One of the most recent examples is the ‘Measures to strengthen the ceasefire regime’ agreed on July 22, 2020.

The document provides, among other things, that the Ukrainian side and the security forces of the two unrecognized republics of Donbass issue orders according to which return fire can be opened only on the orders of the leadership of the armed forces of Ukraine and the leadership of the armed formations of the ORDLO. This wording, according to Kommersant, Kozak and Yermak agreed during a video link with the participation of the OSCE representative in the TCG, [Swiss diplomat] Heidi Grau (right).

After that, the DPR and LPR issued and made public their orders, fully outlining the agreements reached in them. The Ministry of Defense of Ukraine issued a statement also. It says that “in the event of violation by the enemy of the regime of ‘silence’[ceasefire] and creating a threat to the lives of Ukrainian servicemen, the armed forces of Ukraine have the right to respond to hostile attacks.” The agreed phrase that this is possible only by order of the army command was not included in the text for reasons unknown. In Moscow, it is believed that in this way, the decision on whether to open retaliatory fire would be left to the discretion of field personnel, and that would lead to constant skirmishes.

Vladimir Zelensky is waiting for a summit on the Donbass, which no one is preparing
During the last video conference of the “Normans” on March 18, Kozak raised the issue of bringing the statement of the Ukrainian Defense Ministry into line with the agreements of July 22. Hecker, Bonne and Yermak avoided discussing this topic.

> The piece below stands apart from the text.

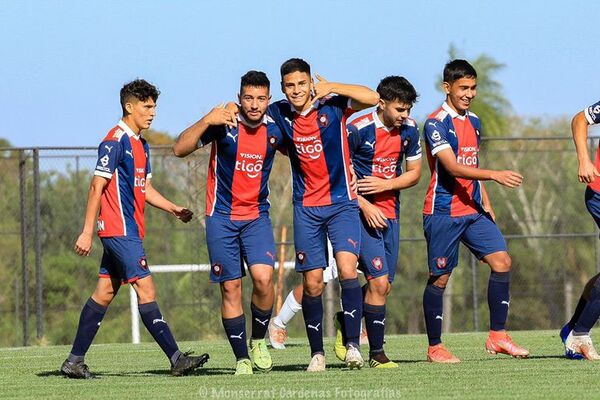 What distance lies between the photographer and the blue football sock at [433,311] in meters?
9.91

“The shootings should stop today, and with that the verbal balancing act”,  Mr. Kozak told Kommersant. “Skirmishes, either organized or chaotic, due to the order of the Ukrainian Ministry of Defense,  continue. With all the sad consequences that follow for both sides. As demonstrated by the last negotiations in the Normandy Format on March 18, the representatives of Germany and France are not very discouraged. It doesn’t spill over them.”